┌─ DATA SHOWN

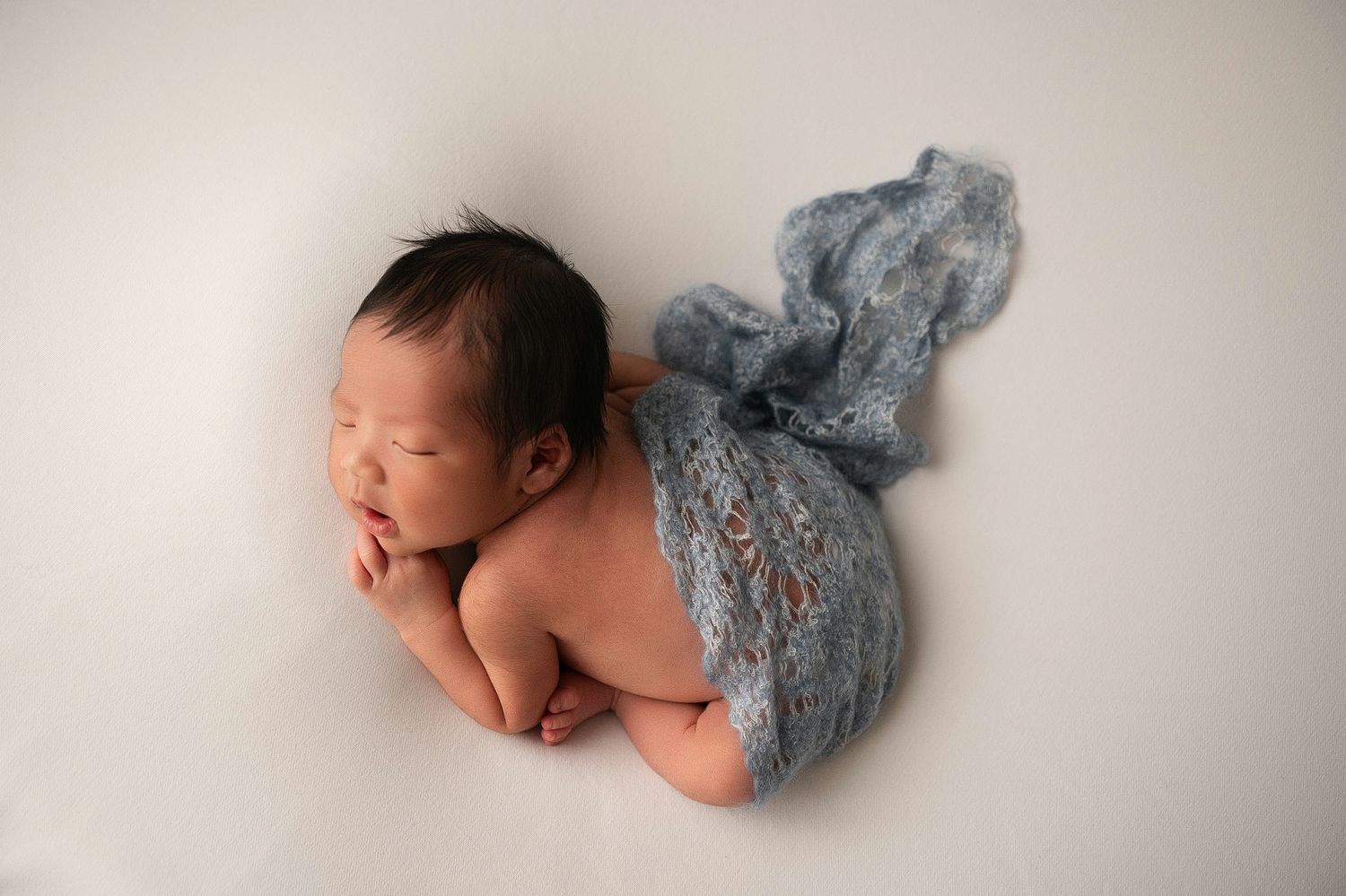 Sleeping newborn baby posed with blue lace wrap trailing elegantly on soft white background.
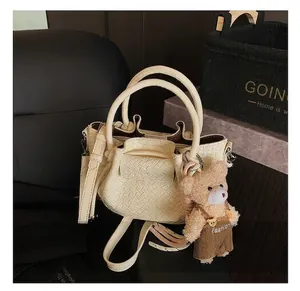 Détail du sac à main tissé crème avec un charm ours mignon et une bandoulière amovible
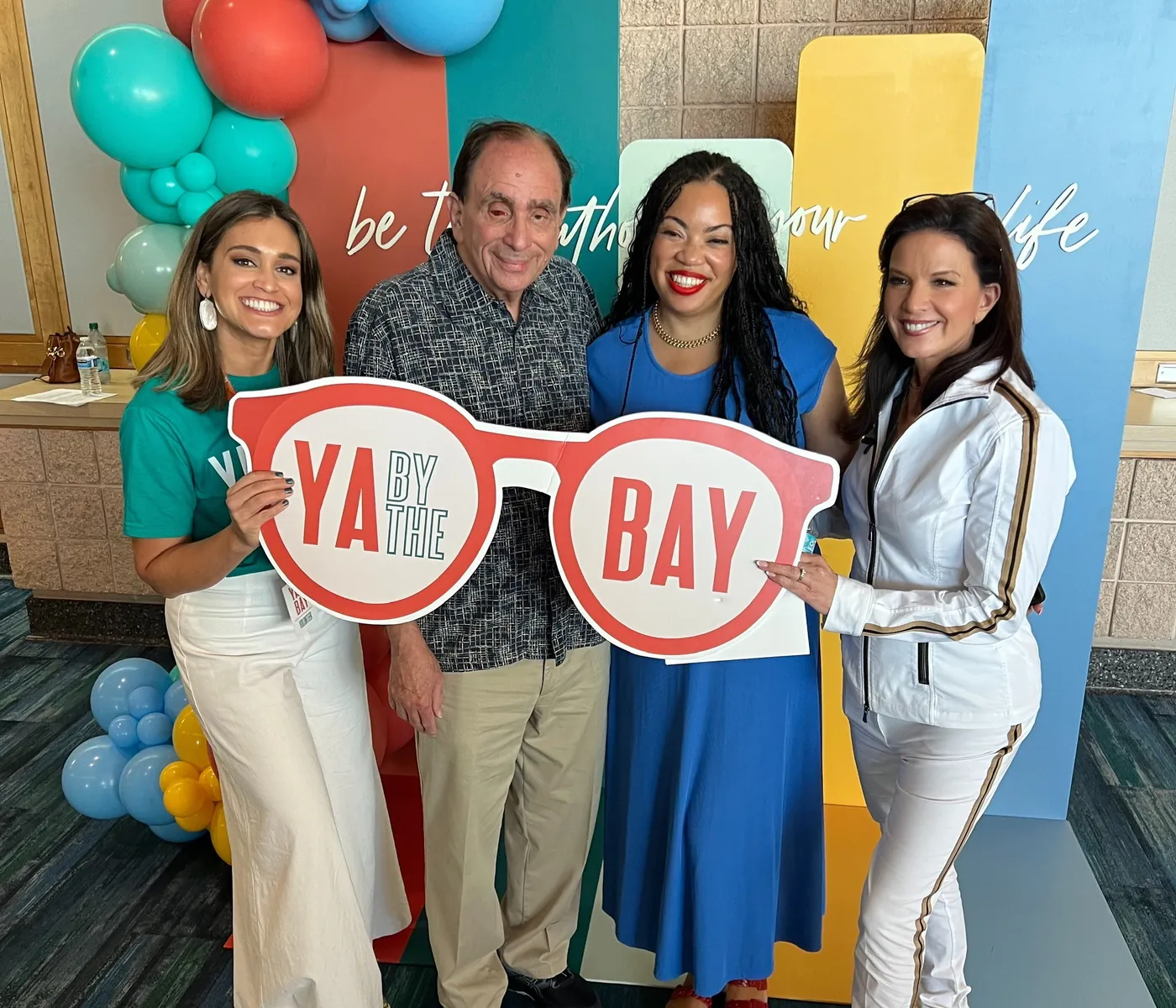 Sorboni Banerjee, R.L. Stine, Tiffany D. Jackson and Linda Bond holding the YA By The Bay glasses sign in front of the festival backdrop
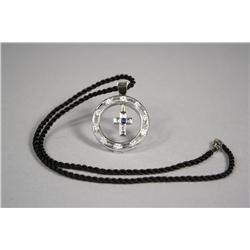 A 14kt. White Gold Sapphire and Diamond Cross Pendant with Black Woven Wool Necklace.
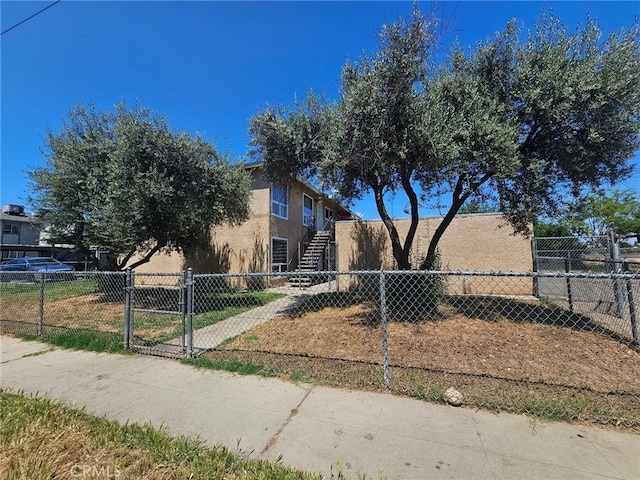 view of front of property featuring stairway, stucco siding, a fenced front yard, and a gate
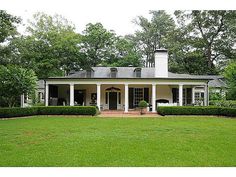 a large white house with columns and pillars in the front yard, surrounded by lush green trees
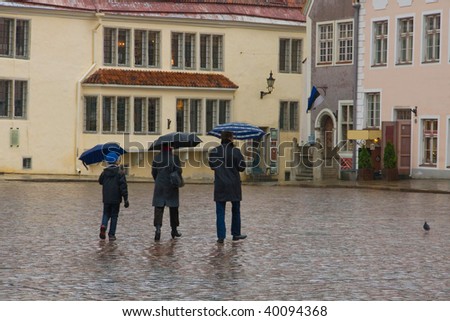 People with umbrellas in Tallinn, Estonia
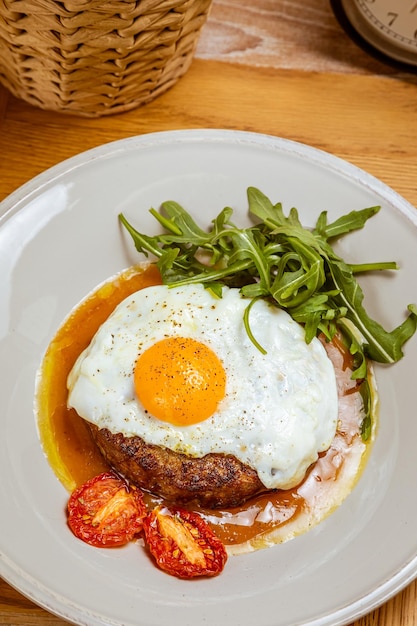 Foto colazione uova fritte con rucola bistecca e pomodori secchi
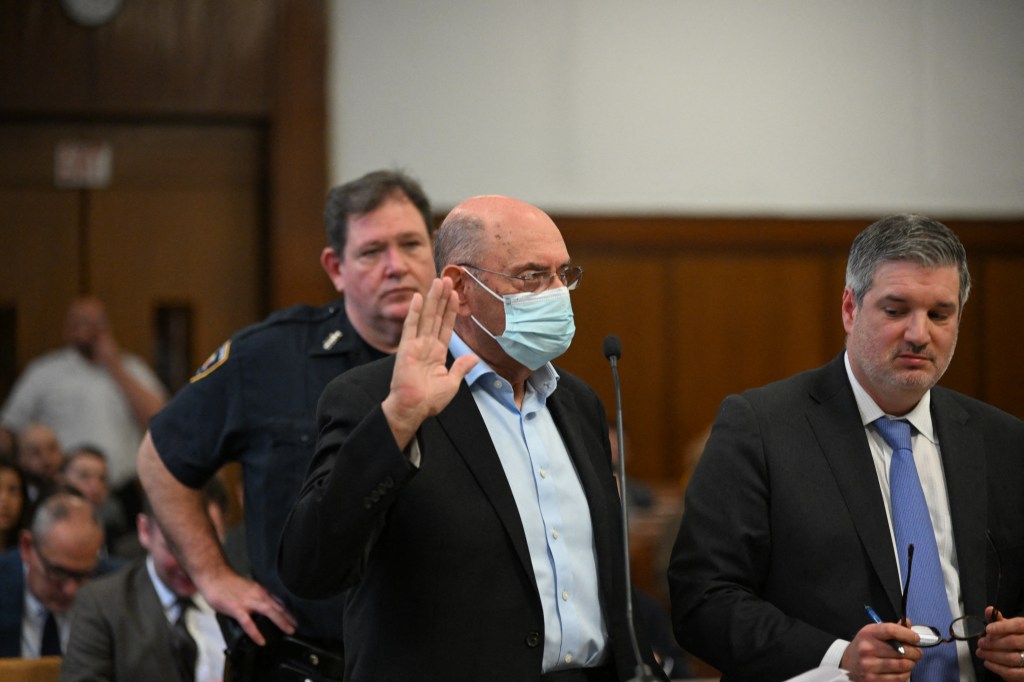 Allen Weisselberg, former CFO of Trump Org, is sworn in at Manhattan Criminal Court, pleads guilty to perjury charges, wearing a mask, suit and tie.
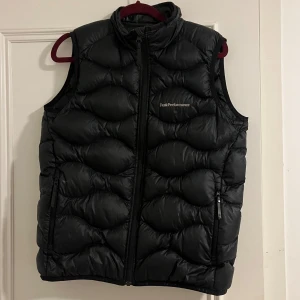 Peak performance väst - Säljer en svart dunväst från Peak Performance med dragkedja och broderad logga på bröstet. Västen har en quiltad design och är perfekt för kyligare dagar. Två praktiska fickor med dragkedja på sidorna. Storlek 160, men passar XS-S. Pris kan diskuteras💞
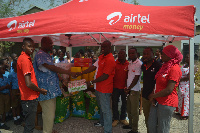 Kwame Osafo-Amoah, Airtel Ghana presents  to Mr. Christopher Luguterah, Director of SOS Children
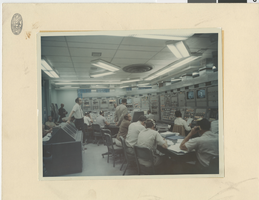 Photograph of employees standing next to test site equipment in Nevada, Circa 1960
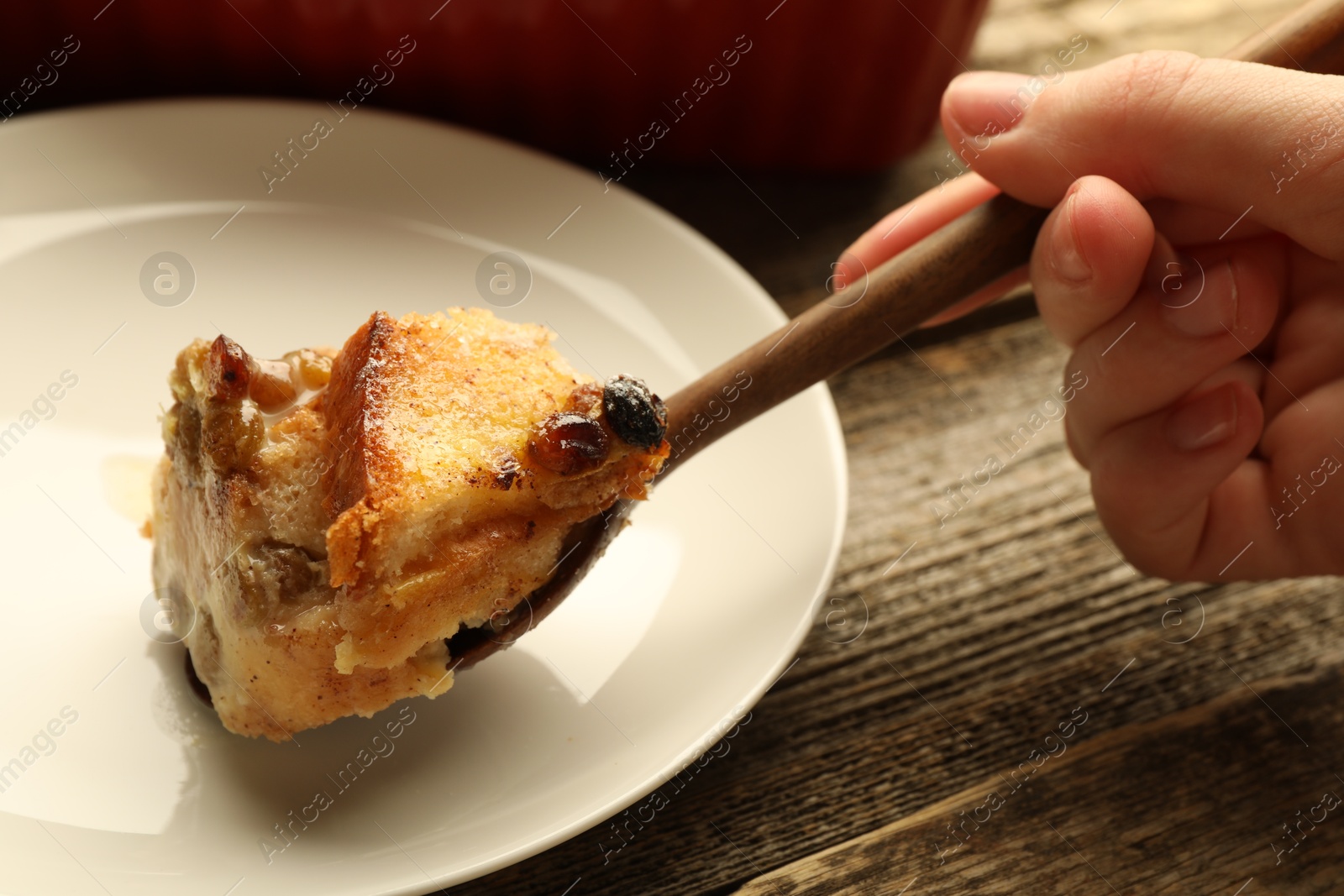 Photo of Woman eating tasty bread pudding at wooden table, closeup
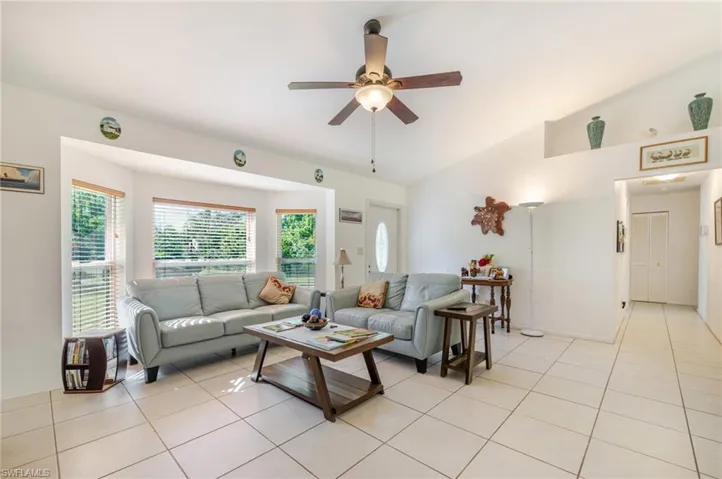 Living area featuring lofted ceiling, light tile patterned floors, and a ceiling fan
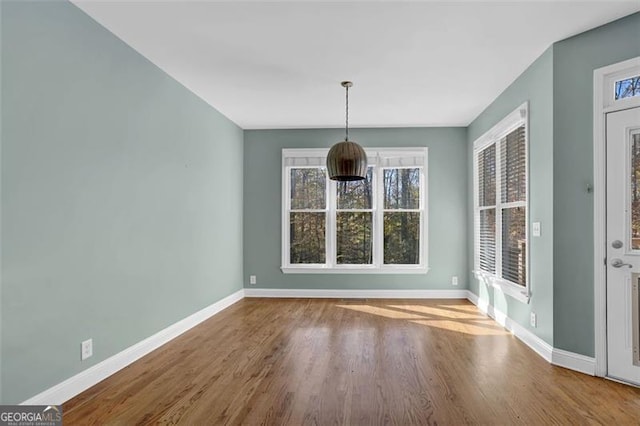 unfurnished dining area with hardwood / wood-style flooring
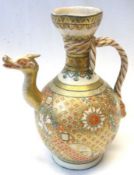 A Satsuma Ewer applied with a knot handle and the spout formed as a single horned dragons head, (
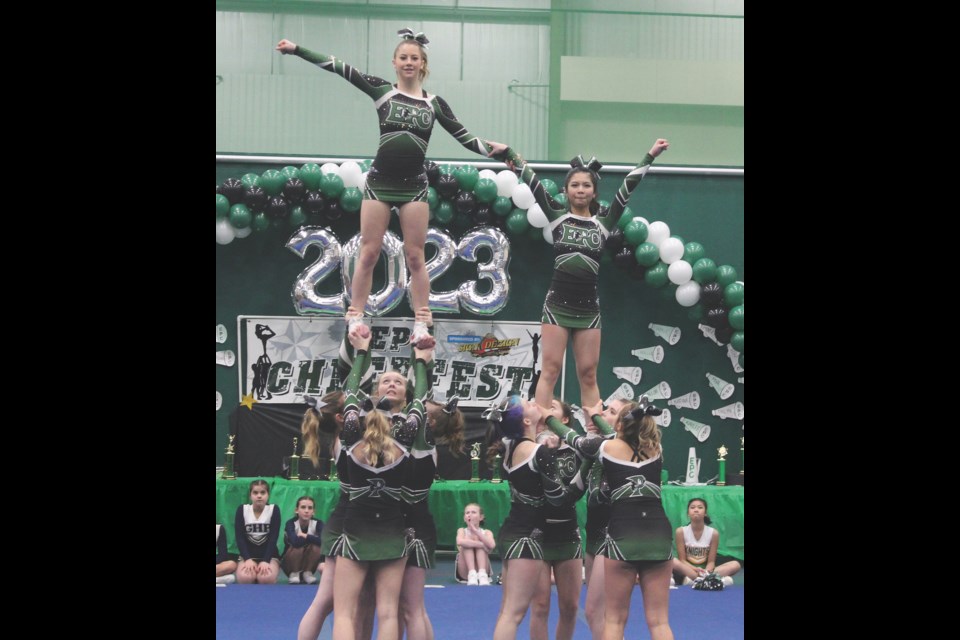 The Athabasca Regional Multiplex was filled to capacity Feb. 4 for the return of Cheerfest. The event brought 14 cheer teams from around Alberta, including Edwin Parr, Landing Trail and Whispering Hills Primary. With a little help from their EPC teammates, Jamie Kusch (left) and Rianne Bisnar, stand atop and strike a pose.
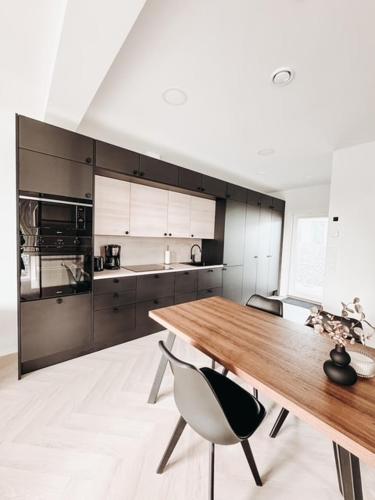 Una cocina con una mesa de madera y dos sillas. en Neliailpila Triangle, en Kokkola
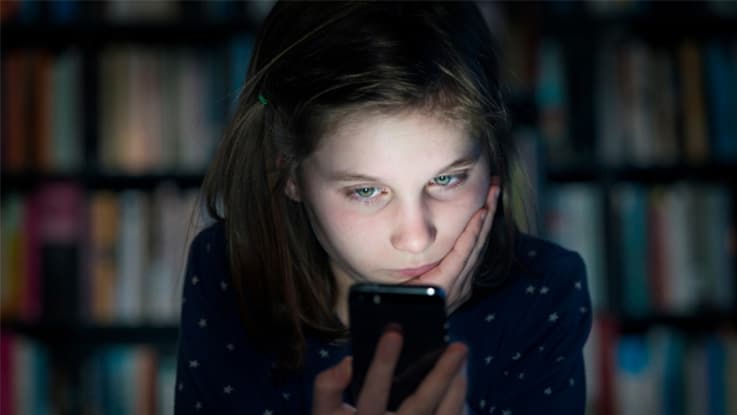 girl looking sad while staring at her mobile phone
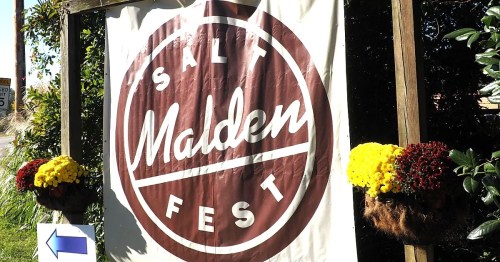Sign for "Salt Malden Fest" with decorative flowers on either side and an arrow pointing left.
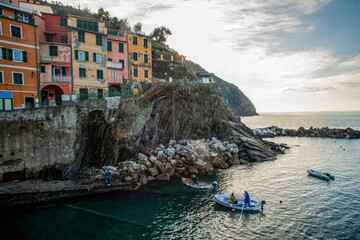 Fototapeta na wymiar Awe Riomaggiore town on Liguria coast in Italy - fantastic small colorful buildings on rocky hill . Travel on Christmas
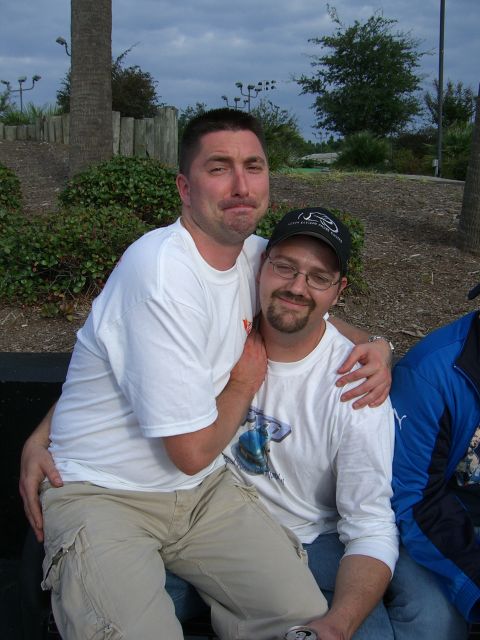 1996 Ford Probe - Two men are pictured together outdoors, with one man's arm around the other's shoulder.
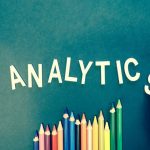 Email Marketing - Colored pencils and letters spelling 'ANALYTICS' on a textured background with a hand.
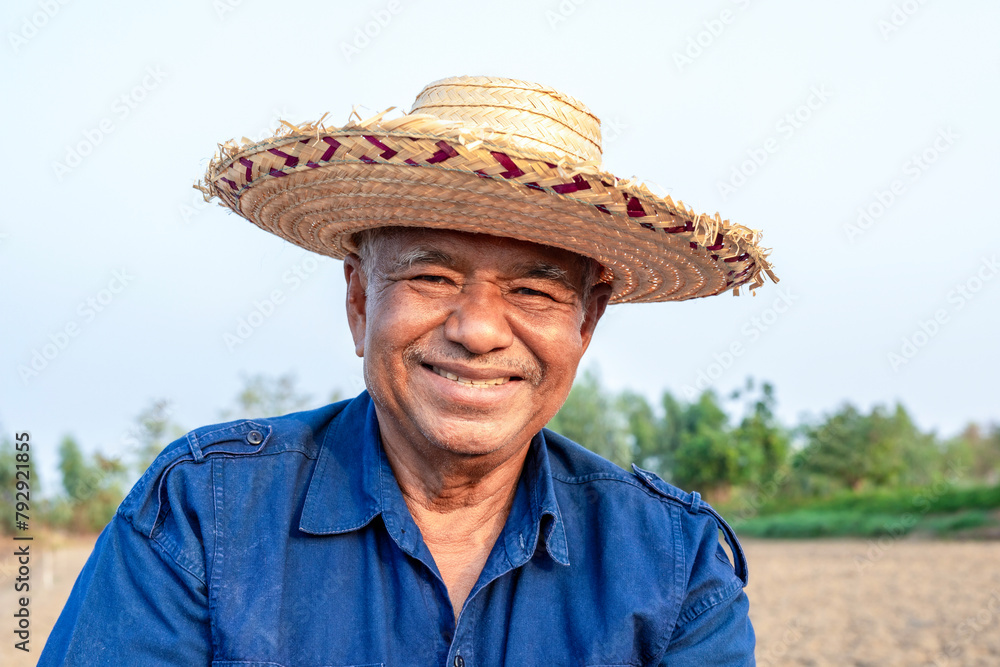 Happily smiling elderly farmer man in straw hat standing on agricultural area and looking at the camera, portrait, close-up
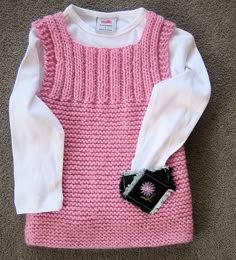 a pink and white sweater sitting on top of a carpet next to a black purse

└─

§ WHAT IS EXPECTED
Where the line containing "Kwame Osafo-Amoah, Airtel" appears above, start there and set down each line exactly through the last line of the data; leave out every picture.

§ OUTPUT OF THE EXERCISE
 Kwame Osafo-Amoah, Airtel Ghana presents  to Mr. Christopher Luguterah, Director of SOS Children
 Photograph of employees standing next to test site equipment in Nevada, Circa 1960
 Photo of Woman eating tasty bread pudding at wooden table, closeup
 Living area featuring lofted ceiling, light tile patterned floors, and a ceiling fan
 unfurnished dining area with hardwood / wood-style flooring
 A Satsuma Ewer applied with a knot handle and the spout formed as a single horned dragons head, (
 The Athabasca Regional Multiplex was filled to capacity Feb. 4 for the return of Cheerfest. The event brought 14 cheer teams from around Alberta, including Edwin Parr, Landing Trail and Whispering Hills Primary. With a little help from their EPC teammates, Jamie Kusch (left) and Rianne Bisnar, stand atop and strike a pose.
 Una cocina con una mesa de madera y dos sillas. en Neliailpila Triangle, en Kokkola
 girl looking sad while staring at her mobile phone
Sign for "Salt Malden Fest" with decorative flowers on either side and an arrow pointing left.
 Fototapeta na wymiar Awe Riomaggiore town on Liguria coast in Italy - fantastic small colorful buildings on rocky hill . Travel on Christmas
 1996 Ford Probe - Two men are pictured together outdoors, with one man's arm around the other's shoulder.
 Email Marketing - Colored pencils and letters spelling 'ANALYTICS' on a textured background with a hand.
 Happily smiling elderly farmer man in straw hat standing on agricultural area and looking at the camera, portrait, close-up
 a pink and white sweater sitting on top of a carpet next to a black purse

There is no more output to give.